Dataset entries Block Start

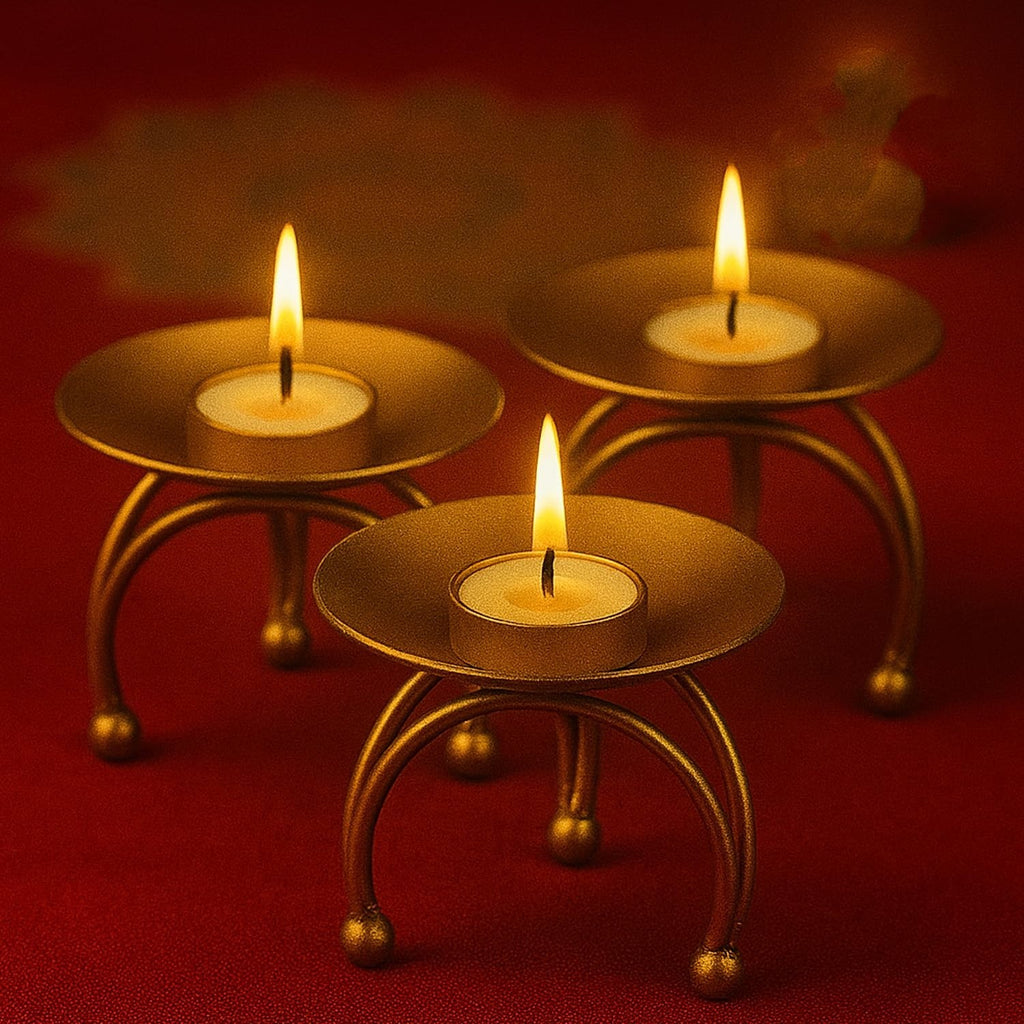 Go Hooked set of 3 matte gold metal pedestal candle holders with lit tealights on a red surface.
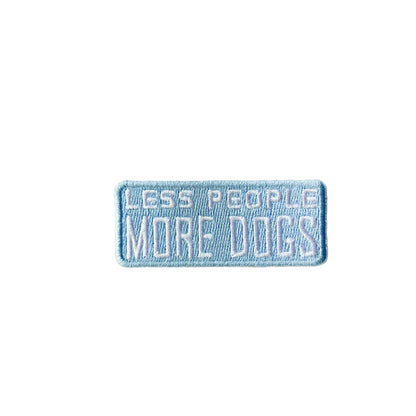 Embroidered patch with 'LESS PEOPLE MORE DOGS' text on a white background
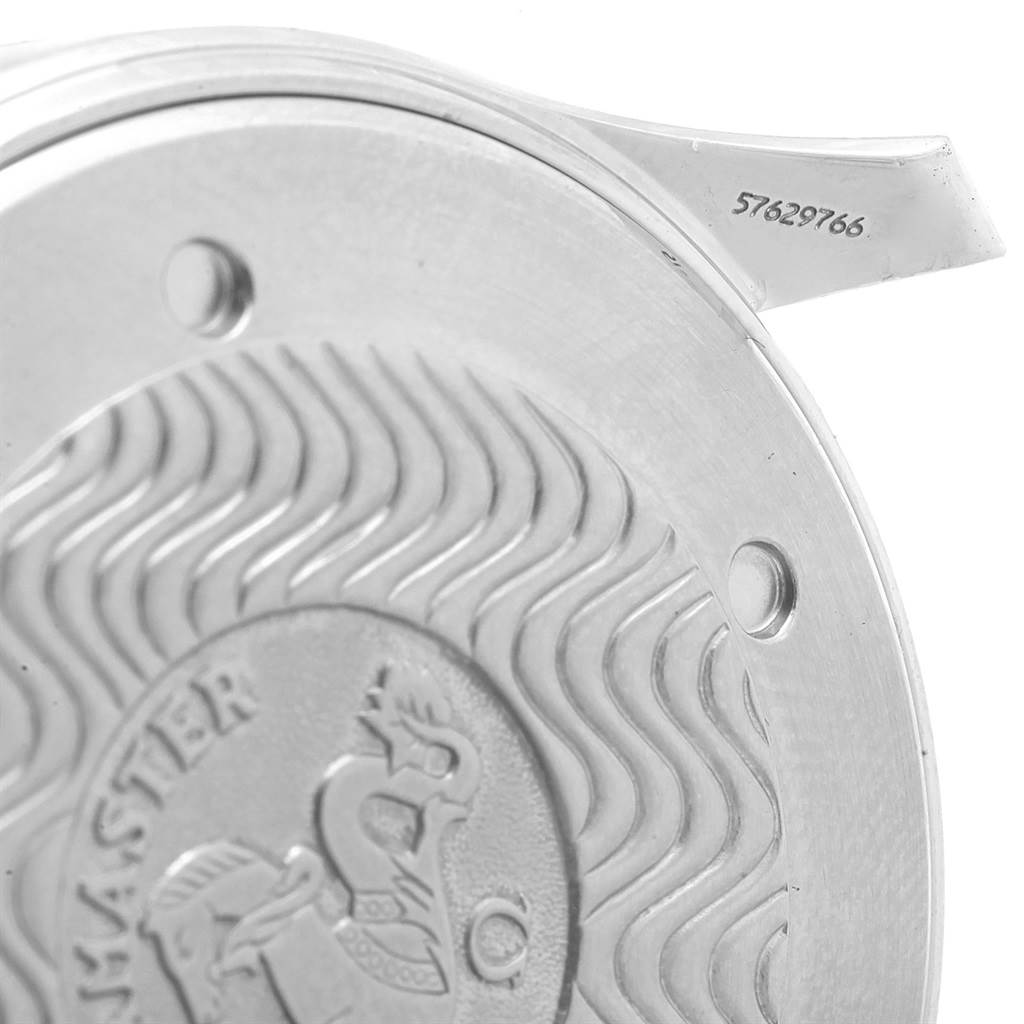 The image shows the back case of an Omega Seamaster 2541.80.00 Men
s Stainless Steel Blue Dial 2541.80.00 Men
s Stainless Steel Blue Dial watch at an angle, highlighting its engraving and serial number.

Dataset entries Block End

## Work to complete:
What is needed is an exact restatement of the lines from the line with "Embroidered patch with" through the final line of the data, pictures excluded.

## Task answer:
 Embroidered patch with 'LESS PEOPLE MORE DOGS' text on a white background
 The image shows the back case of an Omega Seamaster 2541.80.00 Men
s Stainless Steel Blue Dial 2541.80.00 Men
s Stainless Steel Blue Dial watch at an angle, highlighting its engraving and serial number.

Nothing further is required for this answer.